The Genotype-Environment interaction (GxE) occurs when there are differences in the expression of genotypes in different environments. The Genotype-Environment interaction (GxE) can occur in two different forms: the Scaling effect among environments and change in the real grading of fathers among the environments. The scaling effect occurs when the difference in grading in the fathers’ test are in two unequal environments. Forn Second grading occurs when, for example, a trait such as milk production in two environments has different genetic bases. If the grade value is high, the genetic correlation between milk productions in the environment will be necessarily <1 and by using the tests conducted in the first environment will not be a reliable prediction of the aptitude in the second environment.
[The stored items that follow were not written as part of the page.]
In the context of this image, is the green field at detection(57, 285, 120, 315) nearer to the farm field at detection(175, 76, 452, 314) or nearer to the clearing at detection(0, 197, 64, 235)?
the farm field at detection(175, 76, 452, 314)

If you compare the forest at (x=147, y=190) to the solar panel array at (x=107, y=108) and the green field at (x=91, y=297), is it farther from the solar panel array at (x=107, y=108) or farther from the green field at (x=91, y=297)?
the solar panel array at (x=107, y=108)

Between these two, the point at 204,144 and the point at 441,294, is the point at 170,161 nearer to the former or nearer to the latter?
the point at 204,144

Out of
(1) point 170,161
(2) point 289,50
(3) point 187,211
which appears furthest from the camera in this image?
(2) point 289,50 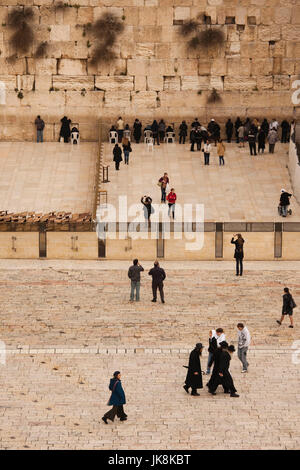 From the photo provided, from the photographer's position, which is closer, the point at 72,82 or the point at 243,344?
the point at 243,344

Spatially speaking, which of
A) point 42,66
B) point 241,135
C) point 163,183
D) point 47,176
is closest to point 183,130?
point 241,135

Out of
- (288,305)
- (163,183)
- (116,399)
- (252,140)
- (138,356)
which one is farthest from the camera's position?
(252,140)

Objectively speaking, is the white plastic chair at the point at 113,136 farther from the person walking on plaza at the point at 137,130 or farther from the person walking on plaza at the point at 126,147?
the person walking on plaza at the point at 126,147

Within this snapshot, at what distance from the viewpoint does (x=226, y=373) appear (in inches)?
859

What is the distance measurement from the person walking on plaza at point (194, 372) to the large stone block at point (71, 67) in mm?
22803

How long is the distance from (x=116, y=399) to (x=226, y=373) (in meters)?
2.30

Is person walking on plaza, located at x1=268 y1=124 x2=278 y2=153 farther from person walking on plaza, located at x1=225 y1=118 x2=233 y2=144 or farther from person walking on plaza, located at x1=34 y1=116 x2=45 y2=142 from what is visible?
person walking on plaza, located at x1=34 y1=116 x2=45 y2=142

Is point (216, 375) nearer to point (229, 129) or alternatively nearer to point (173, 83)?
point (229, 129)

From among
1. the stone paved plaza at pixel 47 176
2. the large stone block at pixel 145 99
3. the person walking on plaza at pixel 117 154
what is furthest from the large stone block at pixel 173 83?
the person walking on plaza at pixel 117 154

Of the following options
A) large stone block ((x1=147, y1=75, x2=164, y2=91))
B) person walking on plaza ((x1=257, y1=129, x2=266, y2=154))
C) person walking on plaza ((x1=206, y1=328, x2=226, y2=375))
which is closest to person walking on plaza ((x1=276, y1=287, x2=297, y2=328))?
person walking on plaza ((x1=206, y1=328, x2=226, y2=375))

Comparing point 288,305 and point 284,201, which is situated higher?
point 284,201

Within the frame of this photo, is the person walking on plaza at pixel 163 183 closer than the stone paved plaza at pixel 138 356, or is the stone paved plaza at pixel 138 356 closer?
the stone paved plaza at pixel 138 356

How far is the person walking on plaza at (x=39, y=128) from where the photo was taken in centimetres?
4250

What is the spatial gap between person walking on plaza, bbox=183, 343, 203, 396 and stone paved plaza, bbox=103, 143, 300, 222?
45.6 ft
It is this form of genotype-environment that is especially, interested by animal breeders (Cromie et al., 1999). In this study, the genetic correlation of the milk production and the milk fat content between climates was estimate at -0.04 and 0.031, respectively, which significantly differed from one and the findings show that there is a difference between the semidry and the Mediterranean climates as regards performance. Considering the difference in genetic parameters and the low correlation in these regions, one can say that the performance of bulls was different and since the grading of bulls, too is not the same, then there is a genotype interaction but this GxE interaction is not a result of scaling effect. Therefore, it is more appropriate to consider environmental conditions of the region in choosing the semen, as an effective factor.

CONCLUSION

The finding of this study shown that the genotypic correlation of the fat content trait is significantly <1, showing different performance of bulls and environmental conditions in the two climates (Mediterranean and Semidry). Also in Semidry climate, the American sperms as compared with the Iranian one, led into the reduction in mean milk production, while in the Mediterranean climate the reverse is true.